REIL installed near the runway 19 threshold at Teterboro Airport as seen from an approaching aircraft

Runway end identifier lights (REIL) (ICAO identifies these as Runway Threshold Identification Lights) are installed at many airports to provide rapid and positive identification of the approach end of a particular runway. The system consists of a pair of synchronized flashing lights located laterally on each side of the runway threshold. REILs may be either omnidirectional or unidirectional facing the approach area.

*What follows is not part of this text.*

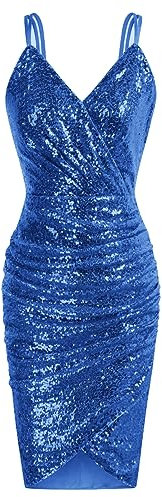 GRACE KARIN Cocktailkleider mit Pailletten Kleid Damen Glitternd Sequin Dress Tanzparty Bleistift Kleider CL762-13 XL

They are effective for:
- Identification of a runway surrounded by a preponderance of other lighting
- Identification of a runway which lacks contrast with surrounding terrain
- Identification of a runway during reduced visibility

The International Civil Aviation Organization (ICAO) recommends that:
- Runway threshold identification lights should be installed:
  - at the threshold of a non-precision approach runway when additional threshold conspicuity is necessary or where it is not practicable to provide other approach lighting aids; and
  - where a runway threshold is permanently displaced from the runway extremity or temporarily displaced from the normal position and additional threshold conspicuity is necessary.
- Runway threshold identification lights shall be located symmetrically about the runway centre line, in line with the threshold and approximately 10 meters outside each line of runway edge lights.
- Runway threshold identification lights should be flashing white lights with a flash frequency between 60 and 120 per minute.
- The lights shall be visible only in the direction of approach to the runway.